I preordered and finished it up in no time. Well worth the read. Shoot, his bean recipe it worth the price of the book. FYI, I freeze all the bits and leftover brisket to add to my beans later. Good, good stuff. And I waited about three and a half hours at Franklin's; go on Saturday if you want beef ribs. Also well worth it.


----------



## Steven H (Jan 15, 2006)

I liked the info on the beef ribs, my wife buys them and we have cooked them in a crock pock and frankly I dont care for them that way.

I used a expresso/pepper/salt rub on my last set of ribs, they were a little under-done but I liked them, wife gets scared of pink meat, we used the leftovers for red beans next day, very good. To me they tasted like I get from good BBQ places, nice simple rub, nothing complicated.

I am determined to cook a brisket that I can call perfect this year. One thing from the book is I will buy a prime cut for the first time and wont waste my time on the cheap packers anymore. He preaches it over and over in his book.


----------



## stdreb27 (Aug 15, 2011)

Steven H said:


> I liked the info on the beef ribs, my wife buys them and we have cooked them in a crock pock and frankly I dont care for them that way.
> 
> I used a expresso/pepper/salt rub on my last set of ribs, they were a little under-done but I liked them, wife gets scared of pink meat, we used the leftovers for red beans next day, very good.
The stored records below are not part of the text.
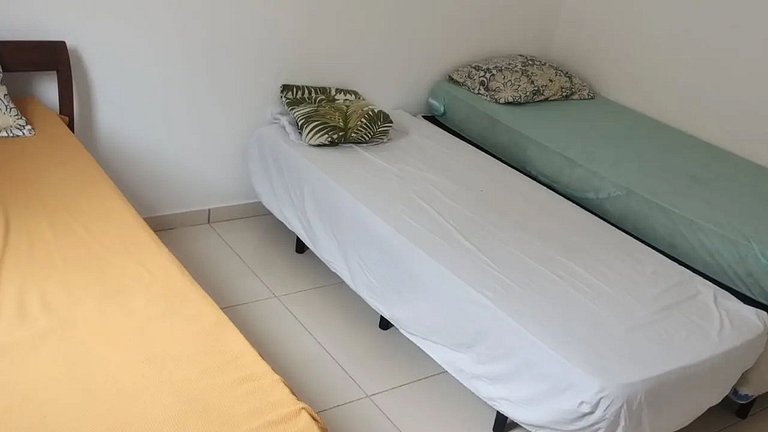 Itanhanhém : Casa com Piscina e Churrasqueira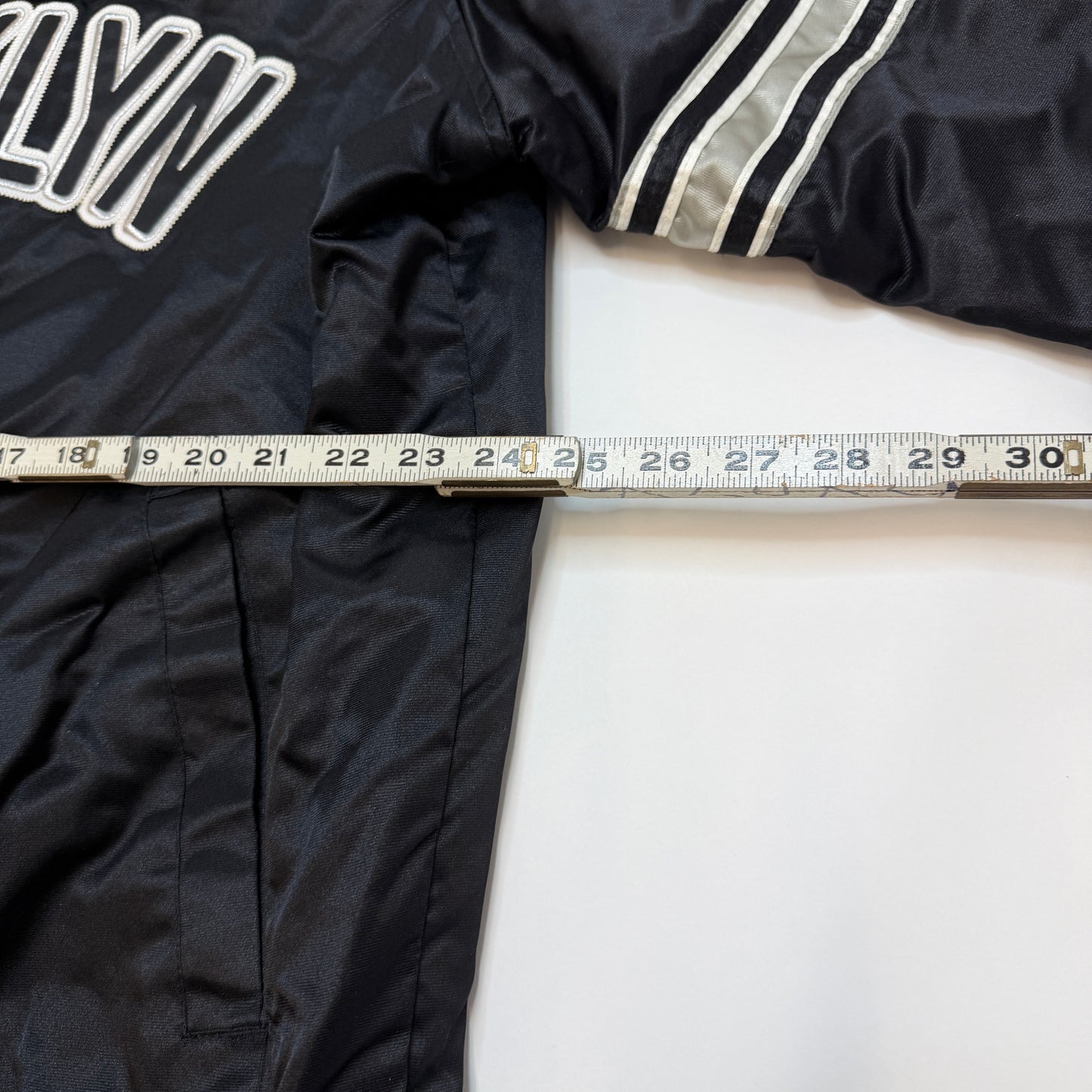 Starter Brooklyn Nets Inaugural Season Satin Jacket Size XL Black Used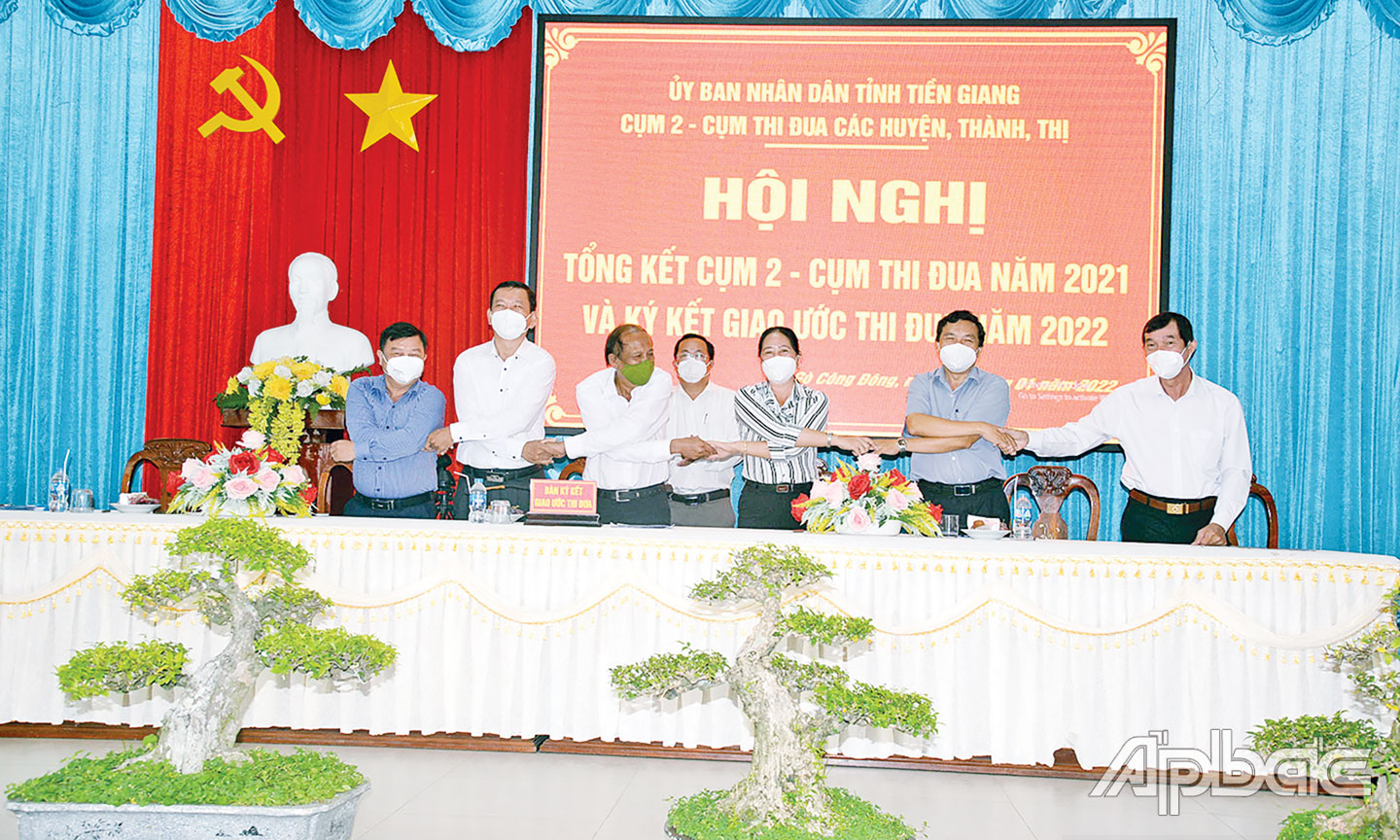 Các huyện thuộc Cụm thi đua 2 ký kết giao ước thi đua năm 2022.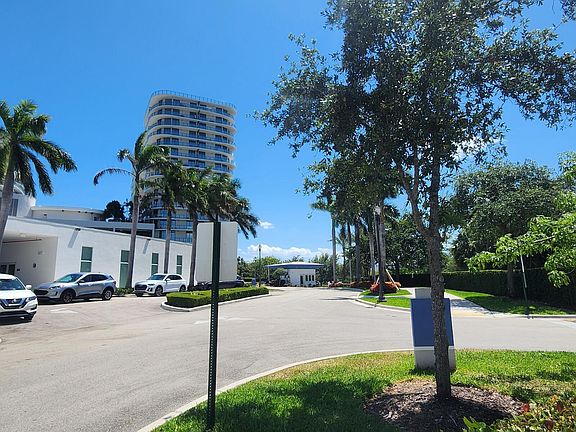 3rd image of 15051 Royal Oaks Lane #202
To me they tasted like I get from good BBQ places, nice simple rub, nothing complicated.
> 
> I am determined to cook a brisket that I can call perfect this year. One thing from the book is I will buy a prime cut for the first time and wont waste my time on the cheap packers anymore. He preaches it over and over in his book.


Even brisket?


----------



## Steven H (Jan 15, 2006)

Did a 1/2 Friday. Smoked to 185, wrapped in paper, let it creep up to 200 and took it off. One of the best I have done, even tasted good the next day in a ziploc bag set out on the boat deck to warm up a little after taking out of the ice bag. Wished I had brought more!


----------